The company repurchased 326,970 shares of stock for $73 million in fiscal 1Q21. It suspended share repurchases in April to preserve financial flexibility during the pandemic, but has said that repurchases could resume in 4Q. At the end of the third quarter, Ulta had $1.58 billion remaining on its share repurchase authorization.
Ulta does not currently pay a dividend and we do not expect it to do so in FY21 or FY22.
MANAGEMENT & RISKS
Ulta Beauty was founded in 1990 by Richard E. George, the former president of Osco Drug. The company’s CEO is Mary Dillon. Ms. Dillon, formerly the CEO of U.S. Cellular and executive VP of McDonald’s, has helped the company to strengthen its reputation with consumers and to significantly boost online sales. Scott Settersten became CFO in March 2013 after previously serving as VP of Accounting. David Kimbell has been the company’s chief merchandising and marketing officer since 2014. He was previously VP of Marketing at Quaker Oats. Under the current management team, Ulta has become the industry’s largest beauty retailer.
Ulta has built customer loyalty through its Ultamate Rewards credit card, which grew 40% last year, and its Ultamate Rewards program, which has grown strongly, despite the 6% decrease in membership this year due to store closures.

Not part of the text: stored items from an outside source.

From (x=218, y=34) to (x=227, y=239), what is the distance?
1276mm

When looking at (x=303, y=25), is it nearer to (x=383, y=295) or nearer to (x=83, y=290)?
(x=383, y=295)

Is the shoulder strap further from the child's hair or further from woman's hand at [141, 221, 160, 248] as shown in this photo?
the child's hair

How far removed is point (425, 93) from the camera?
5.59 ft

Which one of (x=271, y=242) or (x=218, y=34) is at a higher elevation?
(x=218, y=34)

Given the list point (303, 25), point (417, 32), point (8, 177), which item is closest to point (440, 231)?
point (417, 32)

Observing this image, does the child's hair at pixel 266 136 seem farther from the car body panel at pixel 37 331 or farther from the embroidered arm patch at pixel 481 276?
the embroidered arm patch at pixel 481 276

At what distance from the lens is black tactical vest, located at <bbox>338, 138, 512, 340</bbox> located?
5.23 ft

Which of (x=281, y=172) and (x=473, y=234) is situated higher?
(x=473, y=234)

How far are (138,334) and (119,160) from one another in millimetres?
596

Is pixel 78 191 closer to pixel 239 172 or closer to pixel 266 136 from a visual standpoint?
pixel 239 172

The most loyal platinum-level customers spend more than $450 a year to receive special offers such as birthday gifts and prelaunch access to new products. The company has driven loyalty through customer engagement, and over 95% of sales are from loyalty members. Management said that average spending has increased to $206 per member over the last year.

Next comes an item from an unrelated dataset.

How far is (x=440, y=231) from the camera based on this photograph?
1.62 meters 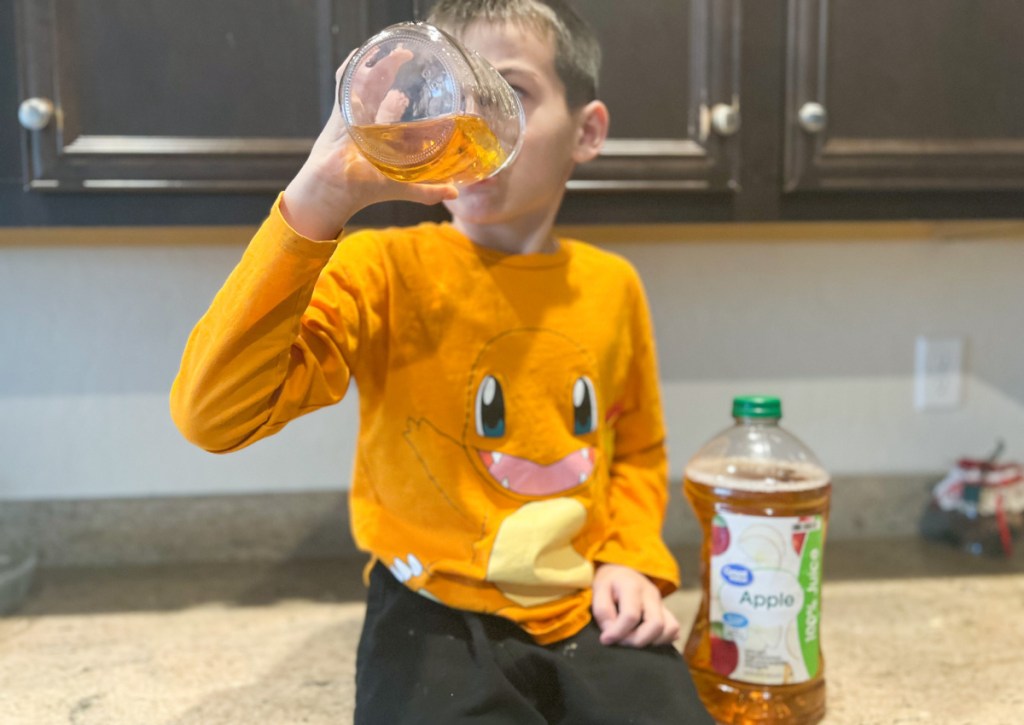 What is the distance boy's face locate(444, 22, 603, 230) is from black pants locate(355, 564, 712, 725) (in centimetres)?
39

Investors in Ulta face a range of risks. The company is particularly sensitive to economic factors such as employment and wage growth that impact discretionary consumer spending. It also faces fierce competition from beauty retailers such as Sephora, Blue Mercury, and e.l.f. Cosmetics, as well as from drug stores and grocery stores in the mass-market category. Target is Ulta’s largest competitor in mass-market cosmetics, while department stores such as Nordstrom, Saks Fifth Avenue, and Neiman Marcus compete on more expensive high-end cosmetics and fragrances. In the e-commerce segment, the company faces competition from low-cost cosmetic subscription ‘boxes’ like Glossybox, Birchbox and Ipsy, which send subscribers a monthly selection of ‘curated’ products.
Meanwhile, the salon business faces competition from chain beauty studios and boutique make-up studios. Sephora, a direct competitor in the make-up studio segment, offers complimentary makeup and hair styling classes, as well as one-on-one ‘makeovers’ with a minimum purchase of $50. Other brands, such as Bobbi Brown, offer customers their own in-house artists and complimentary styling. Drybar, a hair styling chain, offers quick services in a variety of styles starting at $45.

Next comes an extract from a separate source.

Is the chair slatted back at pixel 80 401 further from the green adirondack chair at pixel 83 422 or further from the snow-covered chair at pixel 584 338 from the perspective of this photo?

Ulta Beauty Inc. is a leading retailer of cosmetics and fragrances with a salon services segment specializing in hair styling and make-up. Based in Bolingbrook, Illinois, the company operated 1,264 retail stores as of February 1, 2020. It also markets cosmetics and fragrances through its website and direct mail.
Ulta shares currently trade at 25.1-times our FY22 EPS estimate, below the five-year historical average multiple of 32.3 and the peer average. We believe that the stock merits a premium valuation based on the company’s growing customer base and strong e-commerce presence, which should boost operating margins over time. Ulta also has the largest market share in the industry, with products across all categories, brands, and price points, and partnerships with high-profile social media influencers. Our revised target price of $295, raised from $255, implies a multiple of 27.2-times our FY22 EPS estimate, still below the five-year average.
On December 10 at midday, BUY-rated ULTA traded at $272.45, down $3.21.